I want to slide my fingers into his hair, but hesitate to startle him.

He’s angelic. His face is partly buried in the pillow, eyebrows arched at the perfect angle. My heart is bursting at the seams with love for him. I love him, and it’s for so much more than just how beautiful he is.

His lashes flutter and his eyes open. They settle on me, and he smiles. “Hey, button.”

“Good morning.”

“You’re still here. Then yesterday wasn’t a dream.”

I lean over to stroke his face. “You can’t get rid of me that easily.”

He grabs my hand and kisses my knuckles. “I had the best day of my life, and I woke up next to you. And you made me coffee. It smells so good.” He rubs his eyes and sits up, reaching for the mug.

“Did you sleep well?”

“Better than I have in a long time.” He squints at me over the rim with his eyes soft. “I don’t think I can go back to my own bed now.”

Good thing he doesn’t know how much our mattress cost. He’d never relax on it again.

As Coco Chanel once said, the best things in life are free; the second-best things are very, very expensive.

I’ve forgotten how wonderful the very best thing in my life can be.

He wraps his arms around me, and it reminds me of all the pure and lovely things.

Warm sun, budding flowers, mist rising off the lake at dawn, and the earthy scent of rain-soaked pine trees.

“There’s something I need to tell you,” I say, pulling my knees up to my chest.

“What?”

I take a deep breath. “We’re supposed to have no more secrets left, but . . .” I sigh. “There’s one last thing I’ve been keeping from you.”

“What’s that?” He sits up straight, the duvet slipping to his thighs.

“I don’t know how you’ll take it, so promise me you won’t freak out.”

He exhales, running a hand through his messy hair. “I’ll try.”

“Okay, here it goes . . . wait, no, I’m nervous about your reaction.”

“Jesus, Flora!
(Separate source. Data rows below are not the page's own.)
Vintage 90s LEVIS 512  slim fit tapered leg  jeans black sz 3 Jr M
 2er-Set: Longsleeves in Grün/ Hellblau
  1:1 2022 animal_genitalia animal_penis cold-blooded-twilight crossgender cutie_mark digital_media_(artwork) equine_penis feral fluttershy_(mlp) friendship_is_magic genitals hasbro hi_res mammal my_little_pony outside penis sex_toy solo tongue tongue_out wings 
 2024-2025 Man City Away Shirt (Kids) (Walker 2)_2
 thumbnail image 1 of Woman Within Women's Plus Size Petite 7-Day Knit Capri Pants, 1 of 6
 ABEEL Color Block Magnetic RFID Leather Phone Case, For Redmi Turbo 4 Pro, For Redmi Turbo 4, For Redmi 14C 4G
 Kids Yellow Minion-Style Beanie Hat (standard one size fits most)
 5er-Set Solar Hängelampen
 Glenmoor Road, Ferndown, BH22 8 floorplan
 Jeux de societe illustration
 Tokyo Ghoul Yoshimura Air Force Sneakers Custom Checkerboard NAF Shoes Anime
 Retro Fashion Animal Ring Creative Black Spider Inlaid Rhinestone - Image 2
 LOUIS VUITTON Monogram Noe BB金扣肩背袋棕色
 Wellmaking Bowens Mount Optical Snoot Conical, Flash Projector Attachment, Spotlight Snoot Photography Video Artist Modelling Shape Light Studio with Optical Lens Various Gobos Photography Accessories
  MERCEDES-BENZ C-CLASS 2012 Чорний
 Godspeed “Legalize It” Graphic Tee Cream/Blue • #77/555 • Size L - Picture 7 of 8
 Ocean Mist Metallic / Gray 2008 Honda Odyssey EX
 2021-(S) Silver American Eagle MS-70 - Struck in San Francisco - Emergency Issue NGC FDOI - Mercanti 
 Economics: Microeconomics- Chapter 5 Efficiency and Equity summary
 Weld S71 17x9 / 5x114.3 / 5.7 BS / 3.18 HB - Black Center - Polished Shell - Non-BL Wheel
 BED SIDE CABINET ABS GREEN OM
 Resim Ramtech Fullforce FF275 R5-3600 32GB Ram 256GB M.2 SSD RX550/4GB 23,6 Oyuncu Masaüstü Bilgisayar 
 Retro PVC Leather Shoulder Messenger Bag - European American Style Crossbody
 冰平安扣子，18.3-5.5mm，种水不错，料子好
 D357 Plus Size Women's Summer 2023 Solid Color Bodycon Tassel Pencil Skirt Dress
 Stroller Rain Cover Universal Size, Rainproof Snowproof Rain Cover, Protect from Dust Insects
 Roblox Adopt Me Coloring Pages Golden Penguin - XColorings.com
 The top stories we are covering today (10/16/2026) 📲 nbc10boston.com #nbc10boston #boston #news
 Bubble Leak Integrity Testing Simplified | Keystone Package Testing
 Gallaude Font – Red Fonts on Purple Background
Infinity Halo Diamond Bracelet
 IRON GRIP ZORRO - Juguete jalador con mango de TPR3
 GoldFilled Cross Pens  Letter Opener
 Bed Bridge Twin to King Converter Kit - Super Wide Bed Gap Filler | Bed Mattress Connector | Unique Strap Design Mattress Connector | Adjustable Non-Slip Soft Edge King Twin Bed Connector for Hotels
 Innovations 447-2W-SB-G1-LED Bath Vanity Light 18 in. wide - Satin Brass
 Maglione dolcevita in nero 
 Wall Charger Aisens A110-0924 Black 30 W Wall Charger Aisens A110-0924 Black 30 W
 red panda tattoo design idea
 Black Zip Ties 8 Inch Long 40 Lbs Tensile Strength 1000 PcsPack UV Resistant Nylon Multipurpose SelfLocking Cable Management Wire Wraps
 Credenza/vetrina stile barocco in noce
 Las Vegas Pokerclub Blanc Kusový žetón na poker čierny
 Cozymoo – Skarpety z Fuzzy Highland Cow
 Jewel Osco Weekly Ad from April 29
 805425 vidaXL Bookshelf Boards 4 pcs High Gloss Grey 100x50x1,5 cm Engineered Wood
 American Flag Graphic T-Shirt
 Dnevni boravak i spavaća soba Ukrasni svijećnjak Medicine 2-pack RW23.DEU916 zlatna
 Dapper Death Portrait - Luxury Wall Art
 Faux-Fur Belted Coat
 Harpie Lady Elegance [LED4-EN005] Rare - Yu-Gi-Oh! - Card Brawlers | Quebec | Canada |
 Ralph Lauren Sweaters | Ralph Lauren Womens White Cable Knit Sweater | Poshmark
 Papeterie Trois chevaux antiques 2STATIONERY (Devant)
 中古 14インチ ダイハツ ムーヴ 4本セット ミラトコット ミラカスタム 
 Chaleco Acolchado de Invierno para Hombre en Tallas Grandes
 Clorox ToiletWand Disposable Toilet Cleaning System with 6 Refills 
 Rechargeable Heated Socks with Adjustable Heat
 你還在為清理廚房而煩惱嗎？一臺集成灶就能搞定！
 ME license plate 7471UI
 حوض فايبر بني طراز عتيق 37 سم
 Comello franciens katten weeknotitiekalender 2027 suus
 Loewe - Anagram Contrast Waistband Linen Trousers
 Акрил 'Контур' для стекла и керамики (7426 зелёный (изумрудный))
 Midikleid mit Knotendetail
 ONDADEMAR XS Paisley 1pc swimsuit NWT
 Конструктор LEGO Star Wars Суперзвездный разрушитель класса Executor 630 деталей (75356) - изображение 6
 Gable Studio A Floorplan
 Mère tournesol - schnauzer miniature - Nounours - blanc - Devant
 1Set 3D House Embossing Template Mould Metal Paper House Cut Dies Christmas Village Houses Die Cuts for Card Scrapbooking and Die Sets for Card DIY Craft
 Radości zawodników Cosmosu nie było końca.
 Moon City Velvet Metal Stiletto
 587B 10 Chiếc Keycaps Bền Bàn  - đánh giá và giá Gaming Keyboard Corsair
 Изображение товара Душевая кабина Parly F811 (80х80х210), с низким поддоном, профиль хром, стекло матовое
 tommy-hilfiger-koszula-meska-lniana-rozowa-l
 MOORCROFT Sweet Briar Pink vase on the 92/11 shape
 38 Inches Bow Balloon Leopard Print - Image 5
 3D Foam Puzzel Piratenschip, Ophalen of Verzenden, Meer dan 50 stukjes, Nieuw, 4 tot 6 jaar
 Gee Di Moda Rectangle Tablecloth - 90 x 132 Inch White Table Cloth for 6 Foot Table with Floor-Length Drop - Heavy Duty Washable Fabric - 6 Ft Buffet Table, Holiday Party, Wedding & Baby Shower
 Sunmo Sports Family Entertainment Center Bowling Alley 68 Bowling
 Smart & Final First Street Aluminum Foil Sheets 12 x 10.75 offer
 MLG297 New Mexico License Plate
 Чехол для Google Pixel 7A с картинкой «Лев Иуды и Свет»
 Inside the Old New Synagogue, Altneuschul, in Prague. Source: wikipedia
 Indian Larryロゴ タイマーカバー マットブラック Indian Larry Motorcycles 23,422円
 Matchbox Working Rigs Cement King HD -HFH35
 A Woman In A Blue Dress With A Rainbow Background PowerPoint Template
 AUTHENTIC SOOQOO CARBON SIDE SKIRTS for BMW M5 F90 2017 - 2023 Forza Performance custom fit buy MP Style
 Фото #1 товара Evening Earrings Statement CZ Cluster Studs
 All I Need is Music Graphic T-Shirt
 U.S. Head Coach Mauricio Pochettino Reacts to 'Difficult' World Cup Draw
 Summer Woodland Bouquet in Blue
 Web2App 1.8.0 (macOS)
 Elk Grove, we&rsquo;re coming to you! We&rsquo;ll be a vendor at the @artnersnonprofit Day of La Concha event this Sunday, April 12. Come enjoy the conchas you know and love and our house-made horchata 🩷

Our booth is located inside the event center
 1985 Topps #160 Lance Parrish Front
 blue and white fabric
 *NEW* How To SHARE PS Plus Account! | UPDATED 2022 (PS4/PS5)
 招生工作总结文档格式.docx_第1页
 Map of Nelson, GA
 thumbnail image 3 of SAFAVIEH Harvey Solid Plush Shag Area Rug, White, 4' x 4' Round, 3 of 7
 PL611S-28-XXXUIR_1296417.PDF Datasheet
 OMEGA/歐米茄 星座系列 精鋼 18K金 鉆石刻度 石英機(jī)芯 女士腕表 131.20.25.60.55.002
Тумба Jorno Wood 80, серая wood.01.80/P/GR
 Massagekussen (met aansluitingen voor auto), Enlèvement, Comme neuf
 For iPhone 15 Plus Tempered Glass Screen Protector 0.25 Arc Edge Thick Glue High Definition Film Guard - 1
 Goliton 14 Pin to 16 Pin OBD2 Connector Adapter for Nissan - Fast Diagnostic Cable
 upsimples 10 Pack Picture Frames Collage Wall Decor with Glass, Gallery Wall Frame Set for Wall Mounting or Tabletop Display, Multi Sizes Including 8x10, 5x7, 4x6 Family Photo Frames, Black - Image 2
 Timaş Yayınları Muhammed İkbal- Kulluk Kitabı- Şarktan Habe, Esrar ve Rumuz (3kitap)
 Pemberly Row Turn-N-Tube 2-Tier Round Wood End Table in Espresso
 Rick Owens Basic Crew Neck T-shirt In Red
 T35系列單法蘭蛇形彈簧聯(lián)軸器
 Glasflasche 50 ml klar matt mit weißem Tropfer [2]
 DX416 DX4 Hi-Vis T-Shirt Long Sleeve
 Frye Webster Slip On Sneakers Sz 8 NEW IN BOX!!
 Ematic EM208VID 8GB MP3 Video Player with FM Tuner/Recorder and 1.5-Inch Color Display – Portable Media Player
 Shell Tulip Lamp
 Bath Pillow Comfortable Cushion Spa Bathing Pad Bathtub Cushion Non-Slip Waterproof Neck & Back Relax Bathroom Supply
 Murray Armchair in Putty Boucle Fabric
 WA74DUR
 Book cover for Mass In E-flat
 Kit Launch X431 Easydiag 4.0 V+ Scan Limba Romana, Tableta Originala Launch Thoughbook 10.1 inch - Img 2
Just tell me.”

“I know this is uncool, and probably too soon, but . . .” I pause a few long seconds for effect. “I love you.”

It’s his turn to be silent. His body tenses as he leans back, creating distance between us. There’s no joy on his face. “I wish you hadn’t said that.”

This guy doesn’t know how to respond properly! My face flares with heat. “You don’t need to say it back or anything. I just want you to know how—”

“Why do you have to initiate everything? It should be my turn to say it first.” He shakes his head in mock disapproval before breaking into a gorgeous smile that stops my heart. His smile is the best-kept secret in the Pacific Northwest. “I love you too. I love you so much, you have no idea.”

I laugh, swatting him with a pillow. “Why are you so annoying?”

He tackles me and we roll over on the bed, laughing. “I love you, Flora. You make me deliriously happy.”

“When did you realize that?” I ask when we break apart. “When did you start loving me?”

He doesn’t answer right away. When he finally does, he says, “I’m not sure of the exact moment. But thinking back, ever since your confession at Raymond’s party, I can’t remember ever not loving you.”

His eyes are calm and sincere, and he’d never lie to me. I roll back into his arms and smile until my face hurts.